🤖 AI Summary
Existing post-hoc interpretability methods (e.g., GradCAM) suffer from conceptual ambiguity, while prototype-based approaches (e.g., ProtoPNet, PIPNet) rely on fixed local patches, compromising robustness and semantic consistency. To address these limitations, we propose PCMNet—a novel framework that jointly performs unsupervised part discovery and end-to-end differentiable prototype learning to dynamically identify semantically clear, structurally coherent image-part prototypes. PCMNet introduces the first dynamic part-prototype clustering mechanism, eliminating reliance on predefined patches and enabling concept grouping with semantic alignment. It requires no additional annotations and achieves strong interpretability, stability, and occlusion robustness.

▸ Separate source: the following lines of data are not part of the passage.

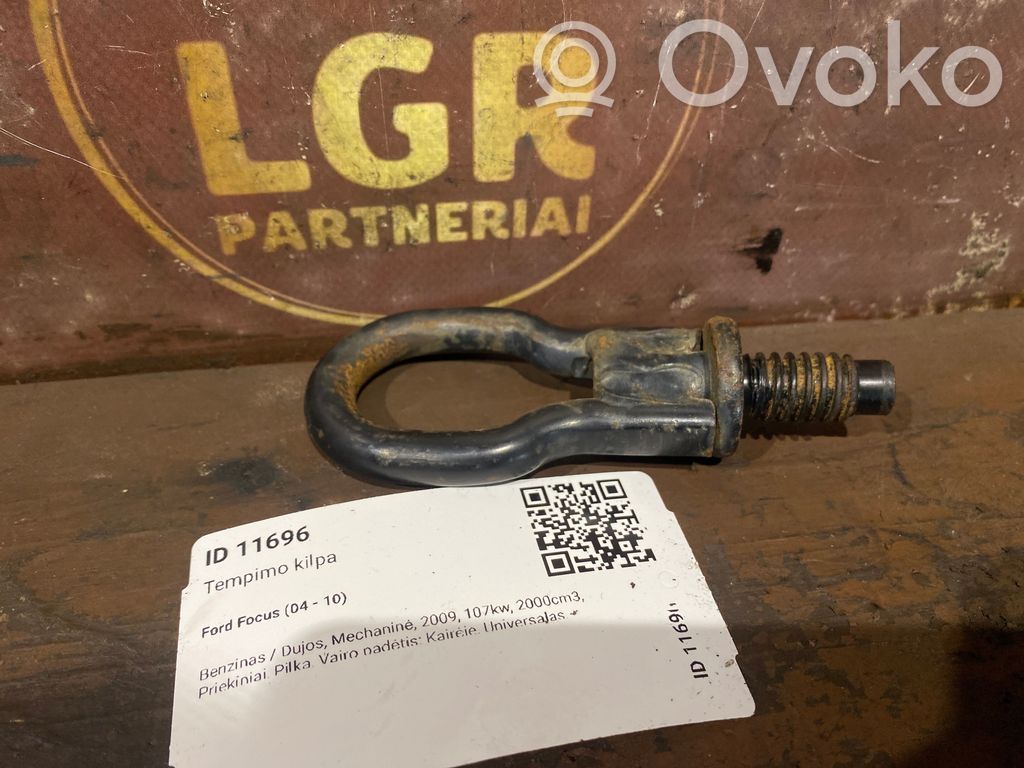 Towing hook eye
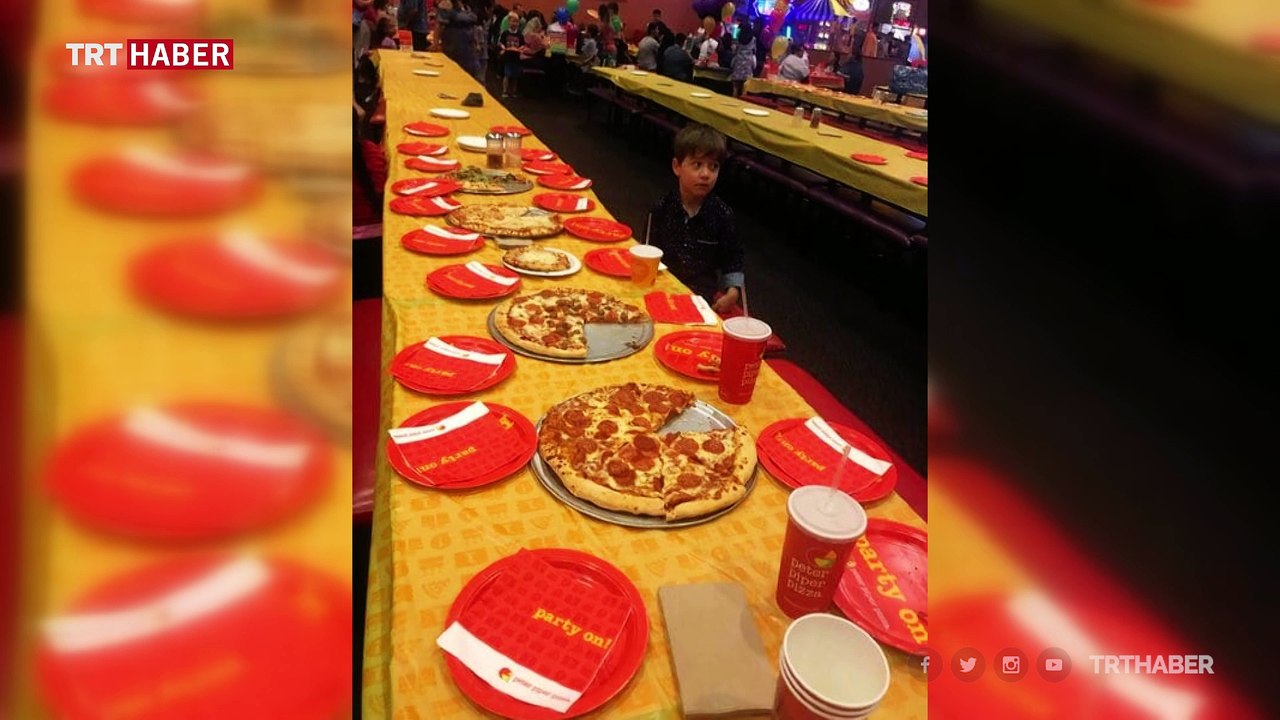 Doğum günü partisine kimse gelmeyen Teddy'nin unutulmaz hediyesi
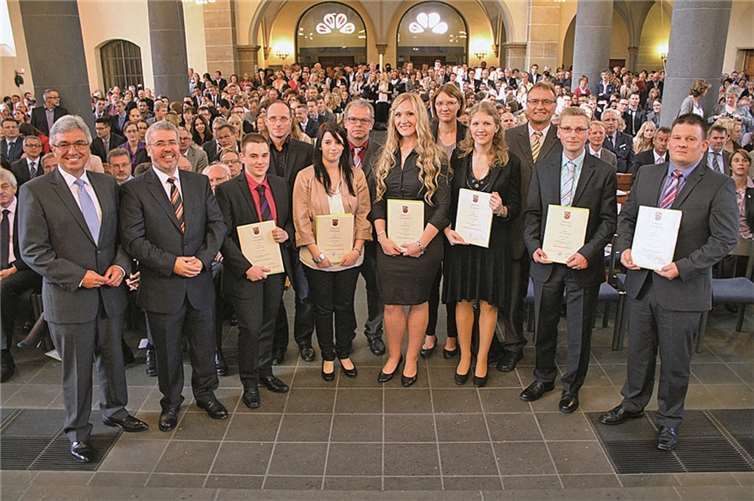 Die Prüfungsbesten mit dem rheinland-pfälzischen Innenminister Roger Lewentz, FH-Direktor Klaus Weisbrod und Vertretern der Dienststellen.privat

Extensive experiments across multiple benchmarks demonstrate that PCMNet significantly outperforms ProtoPNet, PIPNet, and GradCAM in explanation quality, classification accuracy, and cross-sample stability—particularly under occlusion, where it maintains superior performance.
📝 Abstract
Deep learning has provided considerable advancements for multimedia systems, yet the interpretability of deep models remains a challenge. State-of-the-art post-hoc explainability methods, such as GradCAM, provide visual interpretation based on heatmaps but lack conceptual clarity. Prototype-based approaches, like ProtoPNet and PIPNet, offer a more structured explanation but rely on fixed patches, limiting their robustness and semantic consistency. To address these limitations, a part-prototypical concept mining network (PCMNet) is proposed that dynamically learns interpretable prototypes from meaningful regions. PCMNet clusters prototypes into concept groups, creating semantically grounded explanations without requiring additional annotations. Through a joint process of unsupervised part discovery and concept activation vector extraction, PCMNet effectively captures discriminative concepts and makes interpretable classification decisions. Our extensive experiments comparing PCMNet against state-of-the-art methods on multiple datasets show that it can provide a high level of interpretability, stability, and robustness under clean and occluded scenarios.